The slip is used as a leading place for lighters and yesterday the space between the piers was pretty well checked with them. Two employees of the New York, New Haven & Hartfort Railway Company, which uses pier 46 as a freight depot, were the first to see the body of a woman floating face downward in the clear water between the lighters and the New Haven dock.
The body was that of a young and stoutly built woman apparently under thirty years of age. In life she might have been comely, but this is mere surmise, for some fiendish hand had cut and gashed the features in such a merciless fashion as to render their symmetry a mockery.
There was every indication that this woman had only yielded life after a fearful struggle, and how and where she encountered her assassin are questions to which no answer is as yet forthcoming. The face, throat and scalp were cut in five places and coagulated blood filled the wounds.
The largest wound was in the forehead, running from the hair in the right temple across to the outer side of the left eyebrow. There was terrible gash in the throat to the right of and a little blow the chin, looking as if the murderer had turned his knife around before withdrawing it. There were also two cuts in the throat under the left ear. The scalp had been laid open from the top of the right ear to the median line of the skull. There was a terrible bruise on the left breast. The fleshy lobe of the left ear, which had borne a cheap gold plated earring, was torn away.
In the lower part of the abdomen there was a wound which suggested the handiwork of Jack the Ripper.
The coarse black hair was knotted and twisted into ropes as if the murderer had held his victim by it while he cut and slashed with his knife.
The body was only partially robed.
It lay in the street covered by a few empty sacks for four hours before the city hearse arrived to remove it. During all this time the brisk west wind played havoc with the rude shroud, blowing its edges this way and that, affording horrible entertainment to the curious crowd.
Morgue keeper White made a careful superficial examination of the remains. He found three teeth missing in the left upper jaw, but the rest were in a good state of preservation. He declared that the cuts were doubtless made by a knife - probably a sailor's jack knife - wielded by a man maddened by liquor. The coroner's physician did not, of course, turn up to perform the official autopsy.
The girl could not have been much more than 25 years of age.
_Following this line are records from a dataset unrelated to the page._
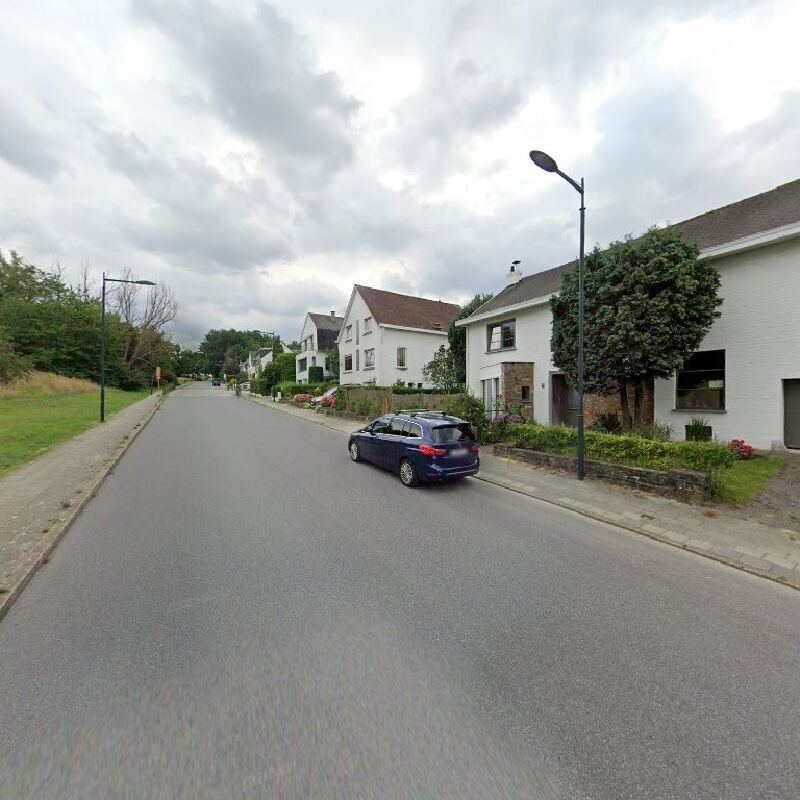 Foto van Gaëtane Mignolet - Neuropsychiatre à Woluwe-Saint-Lambert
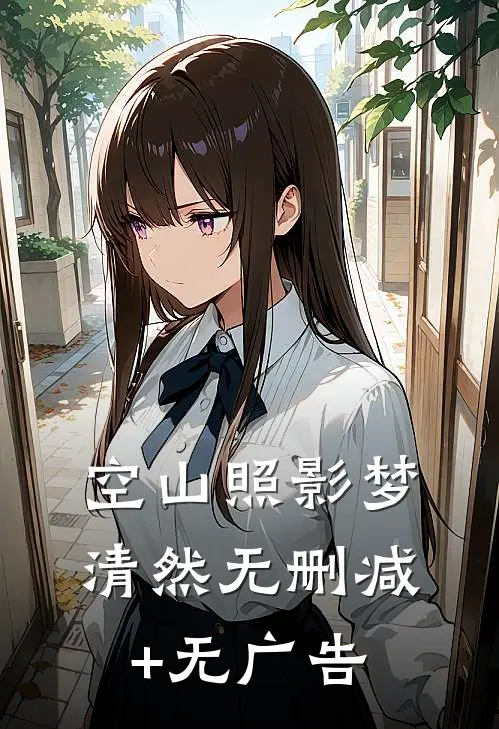 空山照影梦清然无删减+无广告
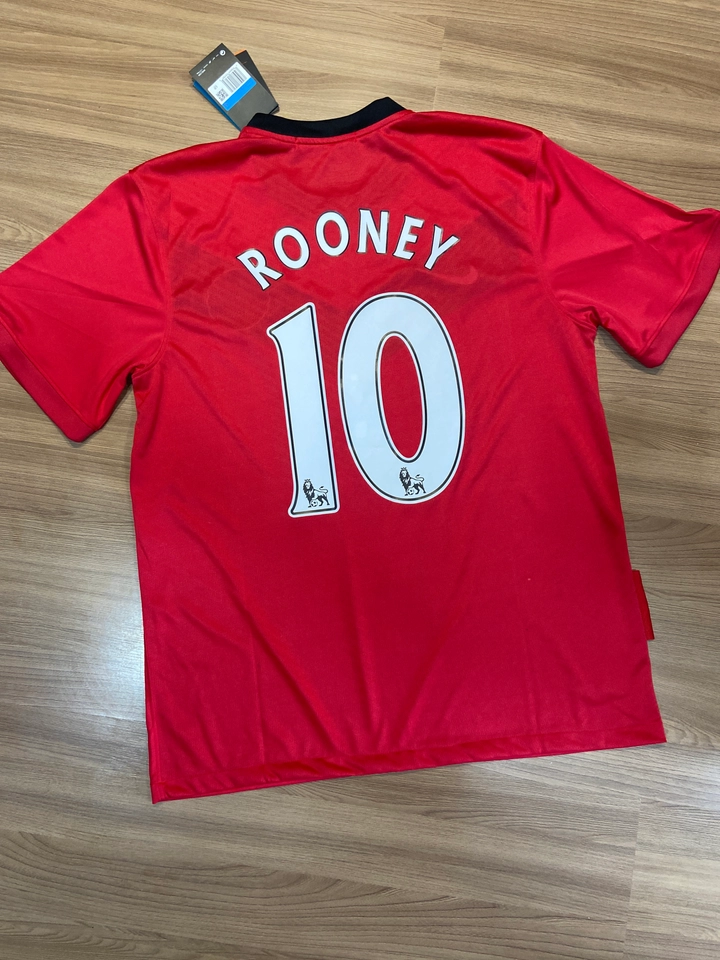 Manchester United 2009-10 - 2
Appearances go to show that she was probably an habitué of the tough Water street dives much affected by sailors off for a spree. She might have been tolerably good looking.
The theory of the police regarding the murder is that the woman was lured aboard a craft along the river front or went thither willingly with some of the tough characters which infest the locality. It is supposed that the "growler" (?) was worked freely until all hands became intoxicated and that then in the drunken row which ensued the woman received the injuries which caused her death.